- Directed by: Dick Huemer; Sid Marcus; Art Davis;
- Written by: Dick Huemer; Sid Marcus; Art Davis;
- Produced by: Charles Mintz
- Music by: Joe de nat
- Animation by: Art Davis
- Production company: Winkler Productions
- Distributed by: RKO Radio Pictures
- Release date: April 15, 1931;
- Running time: 5:46
- Country: United States
- Language: English

= Down South (film) =

1931 film

The Cartoon

Down South is an animated short film directed by Dick Huemer, Sid Marcus, & Art Davis and was distributed by RKO Radio Pictures. The cartoon is the ninth of the twelve Toby the Pup cartoons. The title comes from a 1901 song which is featured in the cartoon.

==Plot==
Toby is the pilot of a paddle steamer. One day he docks his boat at a harbor to pick up passengers. As he has to shake hands with just about everyone who comes aboard, Toby struggles to keep a smile on his face.

When the boat finally leaves the harbor, the passengers are treated to some entertainment as Tessie sings the song "Mississippi Mud" at the center of the main deck. Everybody else sings along too, and stomps as well. But as they stomp harder and harder, the boat starts to shake, until he dances along. The shake is so strong that almost everybody, including Toby, gets thrown overboard.
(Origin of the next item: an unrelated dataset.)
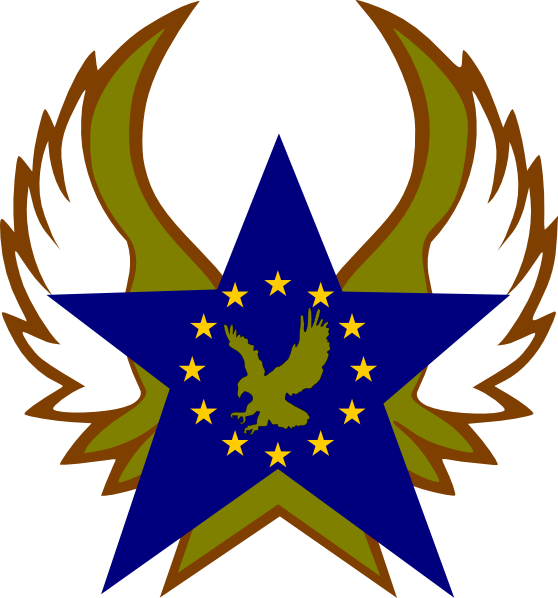 Blue Star With Gold Stars And Eagle Svg Clip Arts 558 (558x598), Png Download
The boat isn't completely vacant as Tessie is still on board. Not liking to be far away from her beloved Toby and by the movements of the boat, she yells for help. Toby, trailing behind, swims to reach her. The boat then approaches a waterfall but Toby is able to reach it and gets back on board in time. He then moves the paddle wheels from the sides to the front. As the boat reaches the edge of the waterfall, the paddle wheels at the front work like airplane propellers, enabling it to fly. Relieved of her troubles, Tessie kisses Toby.